Let’s think about the last post. To measure the current flowing through a resistor, we need to measure the voltage drop across it. Cool, but how do we do that? Maybe we could feed the output into a digital input of an Arduino. However, this is not going to tell us much because that only gives us a high or low – 1 or 0. That is 1 bit of information, which is useless if you ask me!

So, how can we get this voltage drop? This is where the very cool analog-to-digital converters (ADCs) come into play. ADCs, through a plethora of methodologies, output a binary digital signal which represents the voltage of the analog input signal. This allows for the disparate worlds of analog and digital signals to be bridged. The countless different ways ADCs can fulfil this function will not be discussed here, as it is for a whole post on its own. Sadly though, ADCs aren’t freaks of nature, and they have their limitations.

One of the major parameters of an ADC is resolution. It is somewhat analogous to a monitor’s resolution: the higher the resolution, the clearer the picture. However, ADCs measure their resolution in bits, not pixels. Remember how I said ADCs output the voltage in binary? The resolution of an ADC is the amount of these bits. An 8-bit ADC, for example, will output an 8-bit (or 1 byte!) digital value representing the analog input. You may have already spotted an issue though. Let us say this 8-bit output is at its maximum (1111 1111), which corresponds to 255. What does that mean? 255 Volts? 0.255 Volts?

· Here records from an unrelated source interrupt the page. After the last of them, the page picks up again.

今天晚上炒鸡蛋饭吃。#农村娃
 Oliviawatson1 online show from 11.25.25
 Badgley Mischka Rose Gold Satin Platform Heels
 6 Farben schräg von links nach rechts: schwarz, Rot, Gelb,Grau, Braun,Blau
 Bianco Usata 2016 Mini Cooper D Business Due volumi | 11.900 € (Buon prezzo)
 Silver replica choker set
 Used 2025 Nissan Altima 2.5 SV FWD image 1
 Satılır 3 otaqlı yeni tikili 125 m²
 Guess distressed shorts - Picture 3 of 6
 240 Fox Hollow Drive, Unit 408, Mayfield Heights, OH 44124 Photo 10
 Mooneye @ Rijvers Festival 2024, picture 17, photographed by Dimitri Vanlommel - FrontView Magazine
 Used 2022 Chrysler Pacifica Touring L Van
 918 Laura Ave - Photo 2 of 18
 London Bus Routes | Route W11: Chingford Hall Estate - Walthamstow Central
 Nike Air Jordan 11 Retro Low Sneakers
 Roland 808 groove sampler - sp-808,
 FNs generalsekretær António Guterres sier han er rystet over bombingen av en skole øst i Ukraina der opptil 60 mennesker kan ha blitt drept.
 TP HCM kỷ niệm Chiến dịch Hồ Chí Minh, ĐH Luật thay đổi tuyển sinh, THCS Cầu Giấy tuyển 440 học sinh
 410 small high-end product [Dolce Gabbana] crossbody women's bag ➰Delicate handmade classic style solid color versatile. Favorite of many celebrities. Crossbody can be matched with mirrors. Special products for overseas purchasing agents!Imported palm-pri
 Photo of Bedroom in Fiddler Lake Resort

Now’s where an incredibly important factor comes in, called the reference voltage. This is a precise voltage that is fed into the ADC (or internally generated). Typically, the reference voltage is the maximum voltage you can measure with an ADC, with the output representing a fraction of this value. So, let us go back to our previous example of an output from an 8-bit ADC (which we will call the output code) of 1111 1111. Now, the equation to calculate the input voltage from this is as follows:

$$ V_{in} = \text{Output Code} \cdot \text{LSB}. $$

You may be wondering, what is LSB? The least significant bit (LSB) of an ADC is the change in voltage for each binary step, or simply the voltage value that a binary output of 1 corresponds too. This means that the ADC measures voltage as multiples of the LSB. The diagram below should make this much clearer.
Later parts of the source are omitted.